Business groups and unions have issued a joint call for the UK government to tackle spiralling electricity prices, warning that domestic industry faces a long-term competitiveness crisis unless action is taken.
The Trades Union Congress (TUC) and manufacturers’ organisation Make UK have both urged Chancellor Rachel Reeves to provide targeted support for energy-intensive industries. Steelmakers in particular face electricity costs that are up to 60% higher than those paid by competitors in Germany and France, according to industry estimates.

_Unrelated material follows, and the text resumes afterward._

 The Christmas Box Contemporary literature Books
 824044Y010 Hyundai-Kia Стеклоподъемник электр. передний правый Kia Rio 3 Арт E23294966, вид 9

The warning comes as British Steel’s future remains in flux, with its Scunthorpe plant narrowly avoiding closure thanks to last-minute government intervention. Stakeholders say the underlying issue — structurally high UK industrial energy prices — remains unaddressed.
Speaking to The Times, Make UK’s CEO Stephen Phipson described the UK’s industrial energy burden as “untenable” and said that without a strategic response, further plant closures were likely. He called for reforms to network charges, more flexible carbon pricing, and investment in energy efficiency across the manufacturing sector.
While the government has introduced various schemes to support business energy bills, critics say these are short-term in nature and fail to match the scale of support seen elsewhere in Europe.
With the UK seeking to rebuild its industrial base, business leaders argue that competitive energy pricing must become a cornerstone of economic policy — not an afterthought.